Toutes ces perturbations au niveau des volumes écoulés sont doublées de fluctuations notables sur les prix de vente, ce qui enfonce davantage l’activité du secteur. En effet, les fabricants de carreaux en céramique et surtout de ronds à béton n’ont eu de choix que de baisser leurs prix en rognant sur leurs marges pour faire face aux importations massives. De même, les stocks de briques qui s’accumulent du fait de la surproduction contraignent les fabricants à casser les prix. Les tarifs de la brique de 7 cm d’épaisseur qui représente 70 à 80% de la demande ont démarré l’année à 2 DH l’unité pour être divisés par 2 par la suite et se reprendre légèrement ces derniers mois.

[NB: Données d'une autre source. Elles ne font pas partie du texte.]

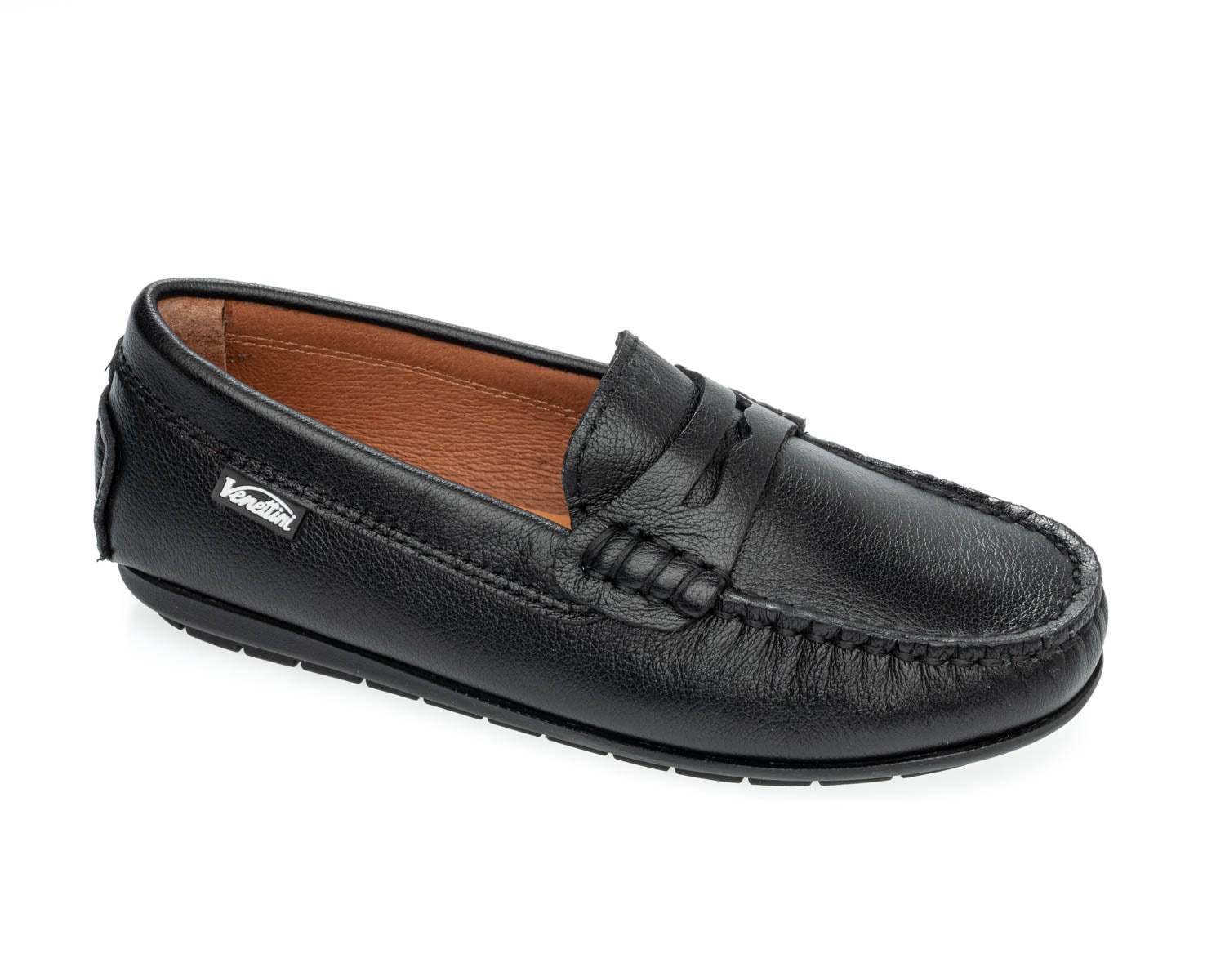 Venettini Black Textured Penny Loafer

A l’inverse, les cimentiers ont dû augmenter leurs prix pour répercuter l’augmentation de la taxe spéciale sur le ciment, portée de 0,10 à 0,15 DH/kg dans la Loi de finances 2012. Les premières augmentations sont intervenues dès le mois de juin avec un surcoût de 4 centimes par kg. Et plus récemment en novembre, des hausses de 2 à 2,5% ont été appliquées selon les opérateurs. Dans les prochaines semaines le rond à béton et le sable devraient forcément suivre la même voie puisque la Loi de finances 2013 prévoit des prélèvements de 100 DH et 30 DH la tonne pour ces produits respectivement. Ces deux matériaux rentrant dans la fabrication du béton préfabriqué, celui-ci verra à son tour son coût de revient augmenter de 8 à 15% selon les professionnels qui devraient immanquablement augmenter leurs tarifs. Autant de révisions forcées de prix qui se profilent et qui tombent mal pour un secteur tout près de basculer.